Ferrarotti Marco Jacopo, Rocchia Walter, Decherchi Sergio
IEEE Trans Neural Netw Learn Syst. 2019 Aug;30(8):2449-2462. doi: 10.1109/TNNLS.2018.2884792. Epub 2018 Dec 25.
In this paper, we introduce the concept of principal paths in data space; we show that this is a well-characterized problem from the point of view of cognition, and that it can lead to salient insights in the analyzed data enabling topological/holistic descriptions. These paths, interestingly, can be interpreted as local principal curves, and in this paper, we suggest that they are analogous to what, in the statistical mechanics realm, are called minimum free-energy paths. Here, we move that concept from physics to data space and compute them in both the original and the kernel space. The algorithm is a regularized version of the well-known k -means clustering algorithm. The regularization parameter is derived via an in-sample model selection process based on the Bayesian evidence maximization. Interestingly, we show that this choice for the regularization parameter consistently leads to the same manifold even when changing the number of clusters. We apply the method to common data sets, dynamical systems, and, in particular, to molecular dynamics trajectories showing the generality, the usefulness of the approach and its superiority with respect to other related approaches.

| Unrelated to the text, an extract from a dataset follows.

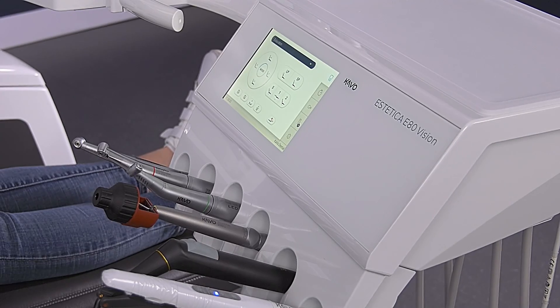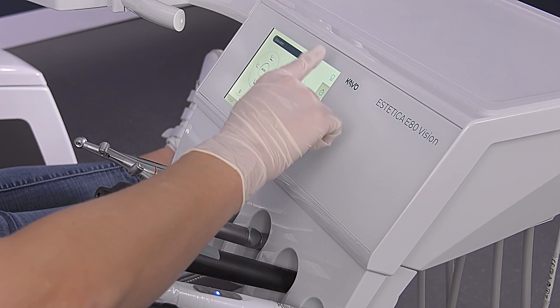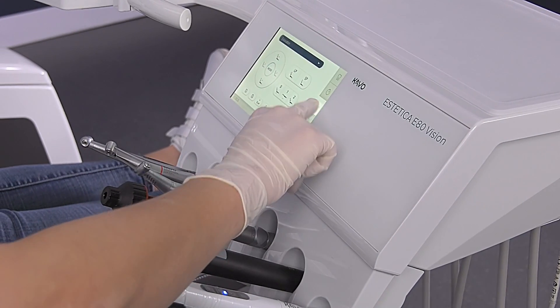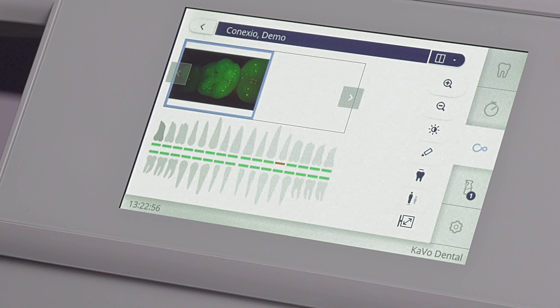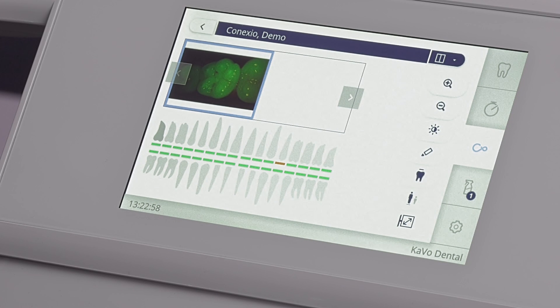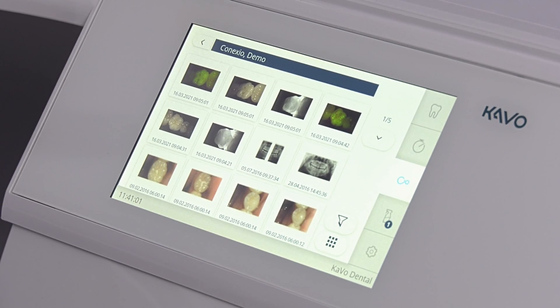If the patient is selected, he or she can automatically be pulled up on your treatment unit's dentist element in the Connexio tab. All subsequent data is then automatically assigned to the active patient.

在本文中,我们引入了数据空间中主路径的概念;我们表明,从认知角度来看,这是一个特征明确的问题,并且它能够在分析的数据中带来显著的见解,从而实现拓扑/整体描述。有趣的是,这些路径可以被解释为局部主曲线,在本文中,我们认为它们类似于统计力学领域中所谓的最小自由能路径。在此,我们将该概念从物理领域迁移到数据空间,并在原始空间和核空间中进行计算。该算法是著名的k均值聚类算法的正则化版本。正则化参数是通过基于贝叶斯证据最大化的样本内模型选择过程推导得出的。有趣的是,我们表明,即使改变聚类数量,这种正则化参数的选择也始终会导致相同的流形。我们将该方法应用于常见数据集、动态系统,特别是分子动力学轨迹,展示了该方法的通用性、实用性及其相对于其他相关方法的优越性。